検査によってがんが見つかった場合、誰しも不安になるでしょう。がんによって現れる症状や治療の方法、療養生活について詳しく知りたいと考える人も多いはずです。がんに関する情報が欲しい人や、今後の治療と生活について相談したいならば、がん相談支援センターを利用するとよいでしょう。全国のがん診療連携拠点病院などにあり、がん専門相談員が治療や療養生活全般の質問や相談を聞いてくれます。センター(病院)によっては、相談内容に応じてがんの専門医や看護師などの専門家と連携してくれる病院もあります。がん相談支援センターは、医療機関によって、「医療相談室」「がん相談支援室」「よろず相談室」「地域利用連携室」などの名称で呼ばれており、相談を面談・電話・電子メールなどの方法で受け付けています。

こんな時にこそ相談をしよう!

① 心に抱えている悩みを聞いてほしい時

がんと診断されれば、誰しも精神的に追いつめられてしまうものです。やり切れない気持ちになる人や、何も考えられなくなる人もいるでしょう。しかし、大変な病気だからこそ、大切な家族や友人へと簡単に打ち明けられず、1人で抱え込んでしまう人も多いのです。

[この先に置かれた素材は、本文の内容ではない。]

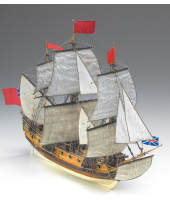 HMS PEREGRINE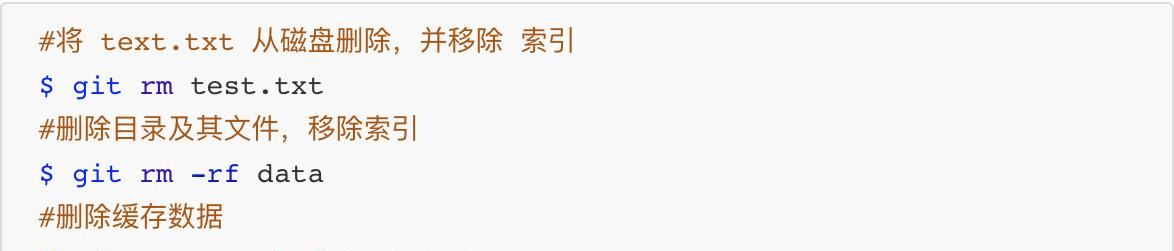 10分钟掌握Git常用命令,做一名有知识的程序员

がん相談支援センターは、こうしたがんによる悩みを抱えている人へカウンセリングを行なっています。不安な気持ちを落ち着かせ、これからの生活や治療についての話し合いも行なえます。

➁ 生活や経済面に不安がある時

家族がある人ががんにかかってしまった場合、男性であれば医療費や家族の生活費、女性であれば家事や育児の問題が懸念されます。

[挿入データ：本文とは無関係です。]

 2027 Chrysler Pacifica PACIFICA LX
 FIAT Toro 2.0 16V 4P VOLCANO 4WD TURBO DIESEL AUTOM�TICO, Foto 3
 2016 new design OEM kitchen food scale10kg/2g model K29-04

生活や経済面で心配があるならば、がん相談支援センターに相談するとよいでしょう。生活や経済面を支えるさまざまな助成制度や支援制度、介護や福祉サービスの手続きなどのサポートを行なってくれます。利用できる制度や支援を一緒に探すだけでなく、福祉サービスの紹介をしてくれたり、利用手続きの方法を教えてくれたりするのです。

➂ 家族のことを相談したい時

がんにかかった場合、患者さんだけでなく、患者さんを支える家族もつらい思いをします。愛する家族ががんだと知った時、不安や悲しみによってうつ状態に陥ることは少なくないのです。

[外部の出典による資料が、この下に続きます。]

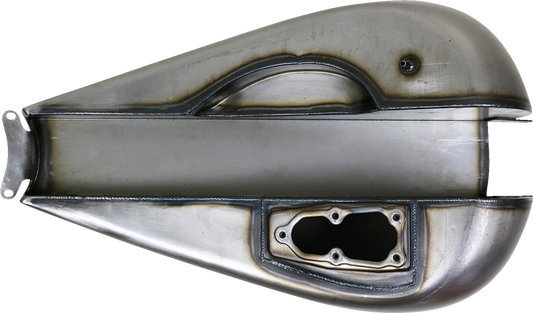 Kodlin Stretched 3.5 Gallon Gas Tank fits 2018-2024 Harley Softail M8 K61143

がん相談支援センターでは、患者さんの家族の言葉にも耳を傾け、カウンセリングや必要な情報の提供などを行なってくれます。患者さんと一緒でなくとも、家族だけで利用することもできます。

がんにならないためには、予防が重要

男女

生活習慣を改善すれば、発生リスクを減らすことができる!

がんにかかるリスクは、普段行なっている生活習慣に大きく関わっています。例えば普段からタバコを吸っている人ならば、肺がんのリスクが高くなります。また、脂質や塩分が多い食事を行なっていれば、胃がんや大腸がんなどにかかる可能性が高くなり、さらに毎日過度な飲酒をしていると肝臓がんや食道がんを誘発する可能性があるのです。こうした体に悪影響を与える習慣を改善すれば、がんにかかるリスクを下げられます。また、体によいとされる行動を習慣づけることもがん予防には効果的です。適度な運動を習慣づけられれば、がんのリスクを高める肥満を解消すると同時に、体の免疫力を高めてがんのリスクを低減できるでしょう。